> **WHAT THIS TASK INVOLVES**: Stop after the line holding "Recycled Glass Tumbler". Repeat exactly every line before it in the records below, that line too, and leave out the pictures.

> **STUDY MATERIAL**:
((

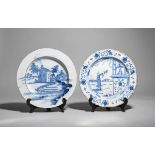 Two delftware large plates or chargers c.1730-60, one Bristol and painted in blue with a three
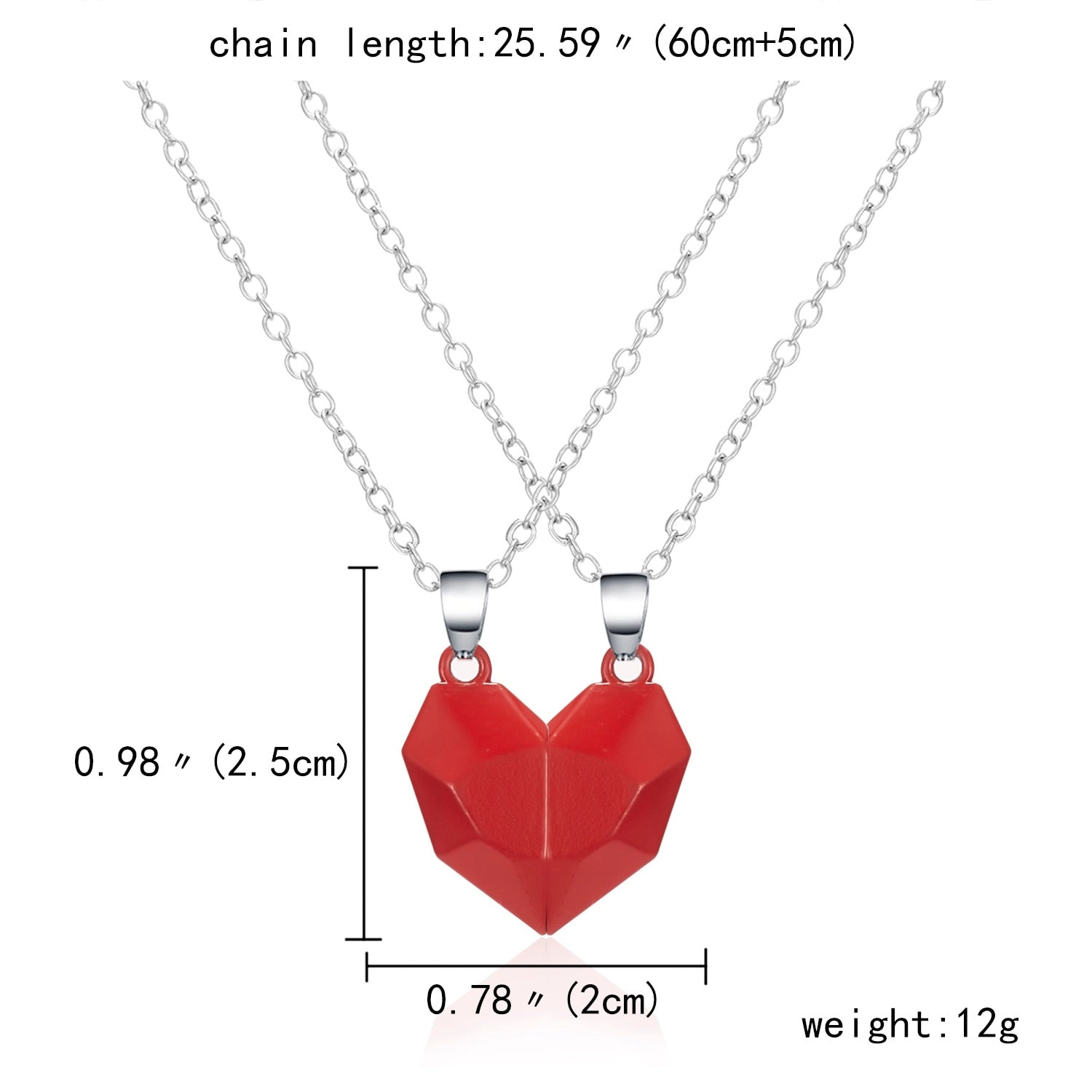 Magnetic  Astronaut Lovers Heart Pendant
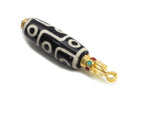 Gold Black Tibetan Agate Pendant, Sku#EF121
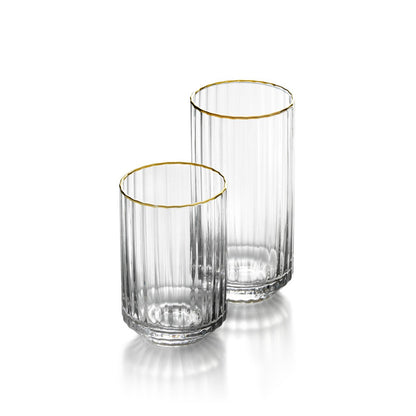 Recycled Glass Tumbler - Golden Rim, Handmade Drinkware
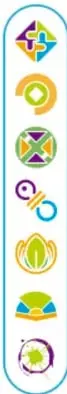 Columna vertical con siete iconos redondeados, uno por eje: Inclusión (mosaico multicolor), Pensamiento crítico (espiral), Interculturalidad crítica (rueda de cuatro colores), Igualdad de género (dos espirales unidas), Vida saludable (hoja/brote), Apropiación de las culturas por lectura y escritura (libro abierto de colores), Artes y experiencias estéticas (corona de flores).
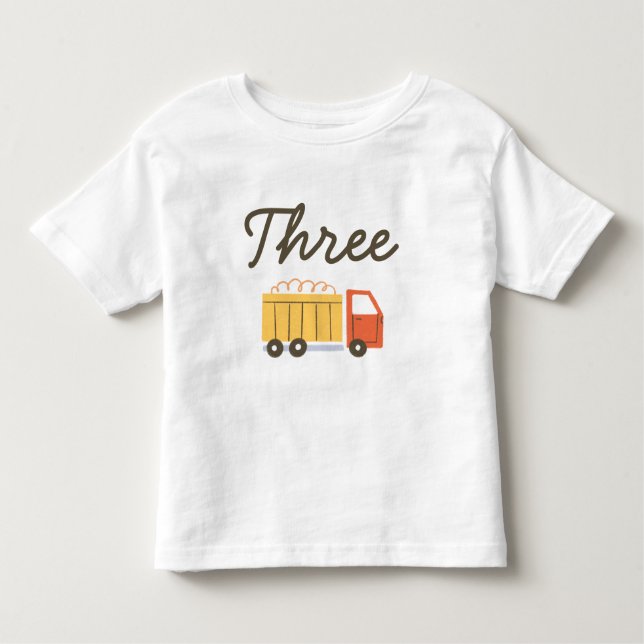 T-shirt Pour Les Tous Petits Construction Anniversaire Truck Toddler T (Devant)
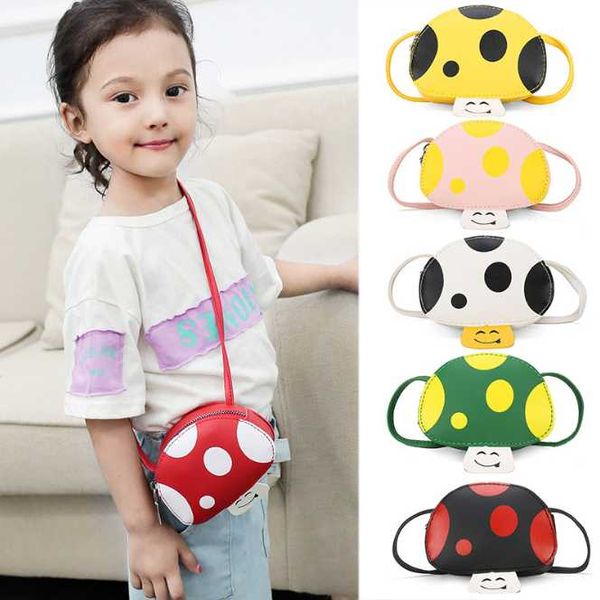 

pu leather cartoon mushroom baby girls mini shoulder crossbody bags cute children's coin purse boy kids money pouch small wallet, White
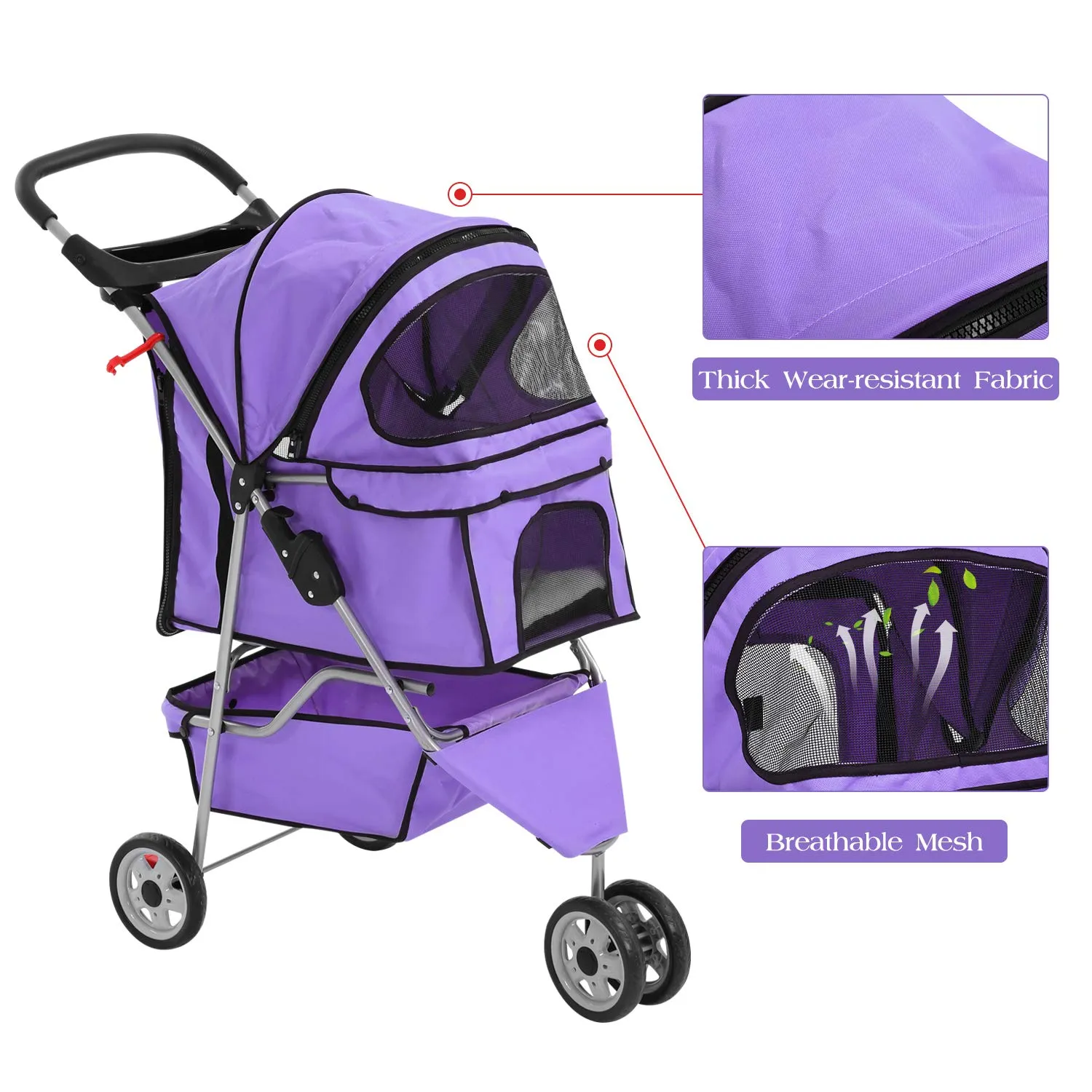Pet Stroller Dog Stroller for Small Medium Dogs & Cats, 3 Wheel Folding Pet Travel Stoller Pet Jogger with Zipper Mesh Door and Storage Basket Easy Walk Pet Roadster for Puppy Animals- Purple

))

> **WRITTEN RESPONSE**:
 Two delftware large plates or chargers c.1730-60, one Bristol and painted in blue with a three
 Magnetic  Astronaut Lovers Heart Pendant
 Gold Black Tibetan Agate Pendant, Sku#EF121
 Recycled Glass Tumbler - Golden Rim, Handmade Drinkware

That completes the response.